Kunya-Ark Citadel, Khiva
According to historical evidence, in 1686, Arang-khan began the construction of the citadel Kunya-ark at the western gates of Ichan-kala. The ark presented a complex multi-yard composition, containing a house for khan, the members of his family, and dignitaries. From the large numbers of constructions of the ark only several buildings of the nineteenth century and the beginning of the twentieth century were preserved. They were the official reception hall (kurinishkhana), a mosque, the mint, and a harem. Previously, there were an arsenal, a powder-mill, and an official building, warehouses, a kitchen, guardhouses, a stable, and a parade area. Fortified gates led to the citadel. A high-cogged wall separated the ark from the neighborhood dwellings of Ichan-kala.
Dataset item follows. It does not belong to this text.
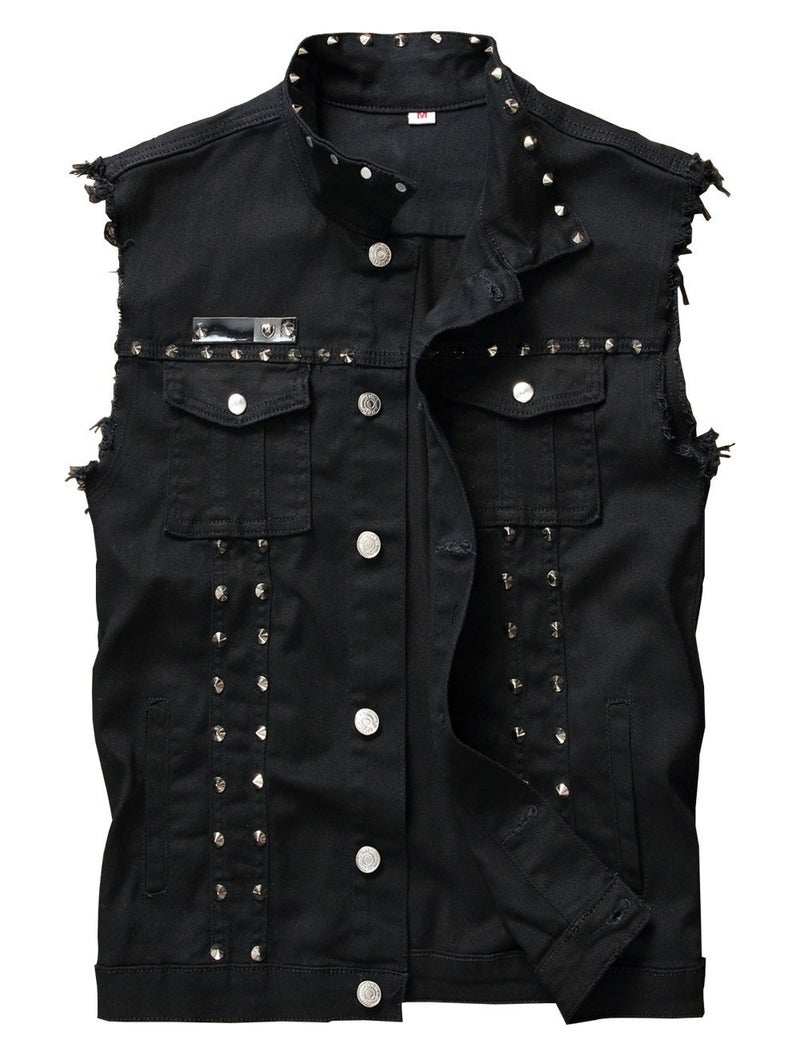 DSDZ Men's Punk Denim Vest Sleeveless Jean Jackets With Rivets (US L, Black) - Image 1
There was an outer yard, serving as a waiting room for the khan's audiences. There were cannons in a second yard. The officials of khan gathered in the third yard, and only then the main door of the kurinishkhana was visible. A felt yurta (nomad tent) was put up for the khan's use. A narrow corridor led to the harem and a staircase led to the Akshikh-bobo mount from here. The two-layered aivan, which was practically merged into the city wall, opened in the direction of the city. This was a good place for an observation post. From here one could see the panorama of the whole city and the neighborhoods. They say that Khiva's rulers liked to rest here on warm nights.
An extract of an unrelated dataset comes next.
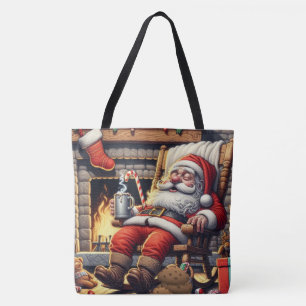 サンタ眠るクリスマス トートバッグ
The Akshikh-bobo aivan has also been used for military observation.
The fortress constructions were closely compacted together; their charm can be seen in the yards with their splendid aivans. The high two-column aivan of the kurinishkhana, where receptions were held, completely is faced with majolica. In the eighteenth century during the devastating invasion of the Iranian troops many constructions of the citadel were destroyed, and the kurinishkhana was damaged. At the beginning of the nineteenth century Iltuzar-khan renewed it. There was a throne-hall, khan's apartments, treasury, and manuscript depository. The cold blue-white and sky-blue patterns of the majolica plate contrast with the red murals of the ceiling. The Khiva masters arranged ornaments freely and picturesquely. The interior of the throne-hall is decorated with carved plaster. The throne was made of turned wood, decorated with stamped silver. The local master Mukhammad made it in 1816.
The building of the mint and an asymmetric mosque with an aivan were built at the same time and comprise a single complex. The famous Khiva masters Abdulla Jin and Ibadulla did the majolica facing of the mosque. The ceiling of the aivan is painted with elegant golden patterns on the blue background.
There is a harem, built under Mukhammad Rahim-khan II in the second half of the nineteenth century in the northern part of the citadel. The pillars of the aivans are covered with traditional carved ornaments. Instead of complete majolica facing one can see separate colored ceramic insertions. The walls are decorated with simple plastering and colored brightly.
The Khiva aivans were unique with their elegant decoration. Through skilful carving, stone carving, and decorative ceramics the artists and architects of Khiva expressed their notion of beauty.
Among the preserved architectural monuments is a bathhouse, built in 1657 and devoted to Anush-khan. This is a semi-underground, multi-chambered construction. The system of cupolas covering the building is seen from outside. From the lobby via a cloakroom one can get into the main bathing hall, connected with the arched passages, and into the rest houses, which are around the hot-water pool. There is a reservoir with cold water in the central hall. A system of under floor canals through which hot air passes warms the bathhouse. The efficient technology of the bathhouse, combined with imaginative planning and with simple constructions epitomizes the architecture of the municipal constructions of Khiva.
In the eighteenth century the summer palace of the Khiva khans, Chadra-hovli was built in the suburbs of Khiva. The building consists of four stones. The first of them represents an exclusive two-chamber winter building where there was a stable and a warehouse. The adobe staircase leads up to a second floor, consisting of a dwelling and aivans facing the west and south. The aivans create a view of the environs from the three sides. As one ascends, the weight of the floor and the thickness of the wall are reduced dynamically. Three windows are placed vertically on the northern facade.
The building was erected with adobe blocks, fluting is seen on the facade and the interior is trimmed by plaster. The only element of the decor on the aivans is the carved wooden of the pillars. The Chadra-Khovli is characterized by originality and simplicity.